Exercise data Block Start
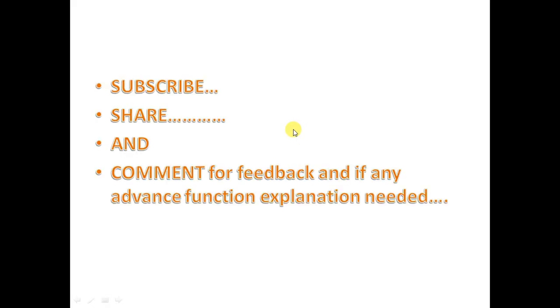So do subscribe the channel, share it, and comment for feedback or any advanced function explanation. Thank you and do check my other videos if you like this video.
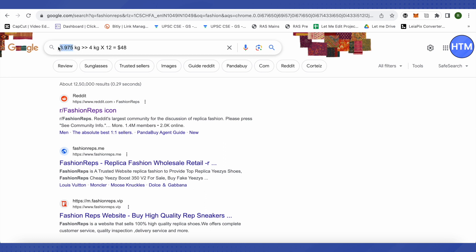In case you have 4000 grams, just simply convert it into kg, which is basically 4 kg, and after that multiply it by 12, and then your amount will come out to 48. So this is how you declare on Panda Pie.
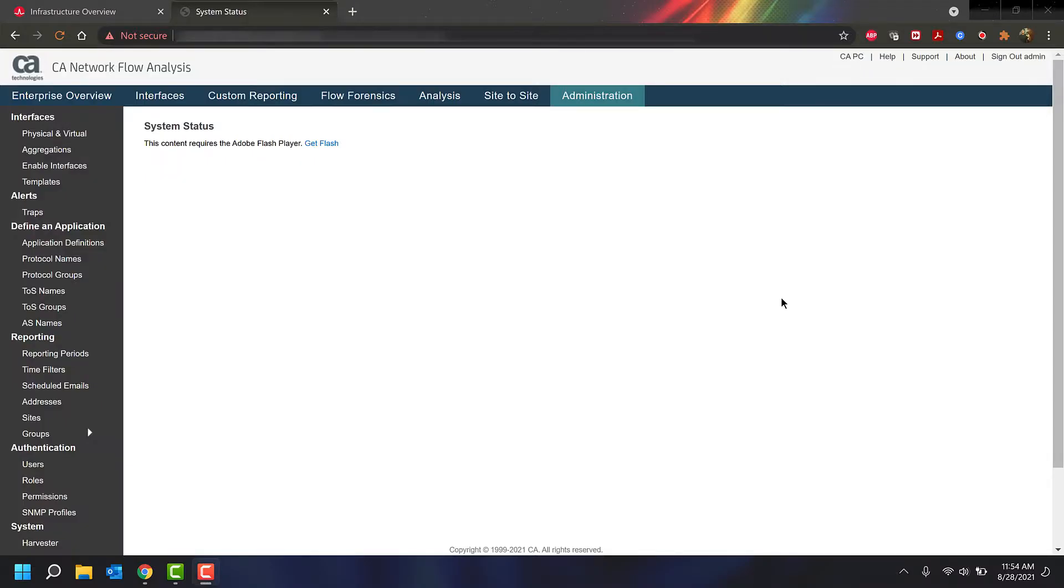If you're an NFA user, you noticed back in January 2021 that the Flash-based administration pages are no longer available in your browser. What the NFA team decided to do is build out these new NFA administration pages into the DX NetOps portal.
Exercise data Block End
# How to complete this task:
Please give the data again unaltered, leaving out any images.

# Result for this exercise:
So do subscribe the channel, share it, and comment for feedback or any advanced function explanation. Thank you and do check my other videos if you like this video.
In case you have 4000 grams, just simply convert it into kg, which is basically 4 kg, and after that multiply it by 12, and then your amount will come out to 48. So this is how you declare on Panda Pie.
If you're an NFA user, you noticed back in January 2021 that the Flash-based administration pages are no longer available in your browser. What the NFA team decided to do is build out these new NFA administration pages into the DX NetOps portal.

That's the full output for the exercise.